● **The task**
Set down, exactly and only, everything from the line containing "Bambina fotografa la natura" down to the line containing "Baskenblaues, abnehmbares Lolita-Hals-Qi-Neckholder-Kleid" in the data below; the pictures are not part of the copy.

● **Data supplied**

▶

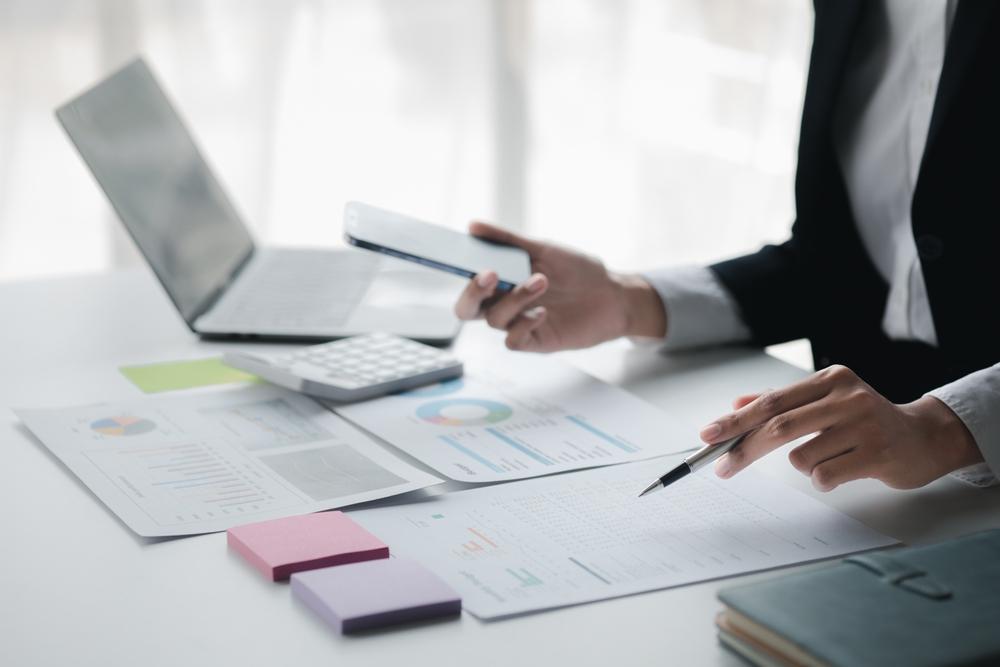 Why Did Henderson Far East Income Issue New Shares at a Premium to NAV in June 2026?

◀
▶

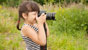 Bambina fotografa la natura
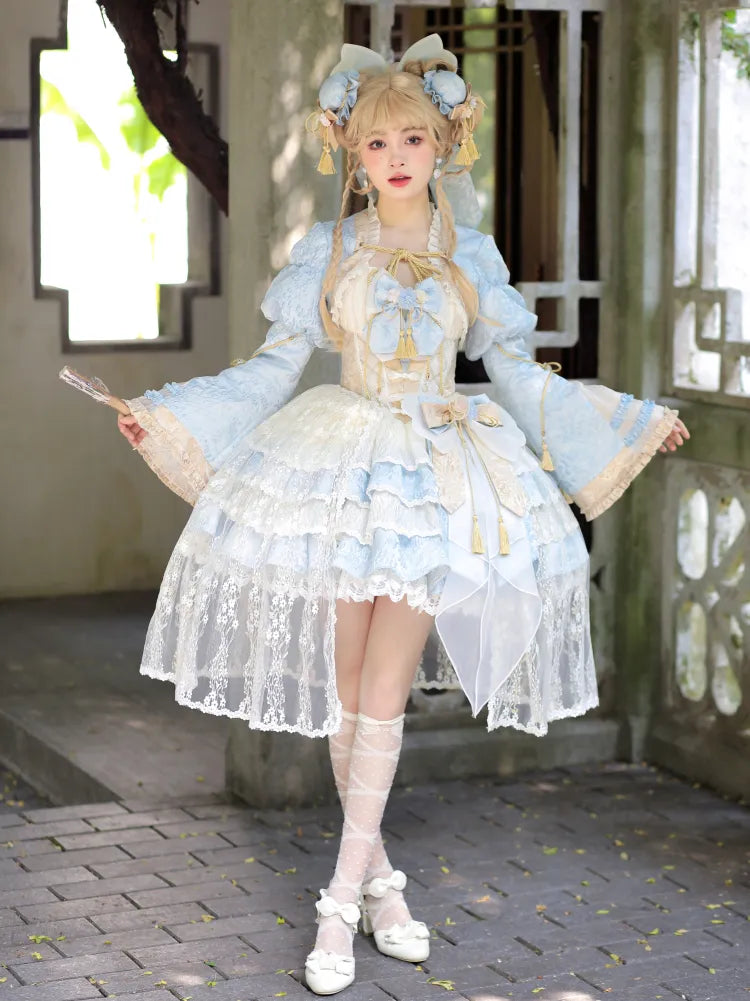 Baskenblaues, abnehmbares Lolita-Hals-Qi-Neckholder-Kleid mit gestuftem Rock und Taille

◀

● **Result of the exercise**
 Bambina fotografa la natura
 Baskenblaues, abnehmbares Lolita-Hals-Qi-Neckholder-Kleid mit gestuftem Rock und Taille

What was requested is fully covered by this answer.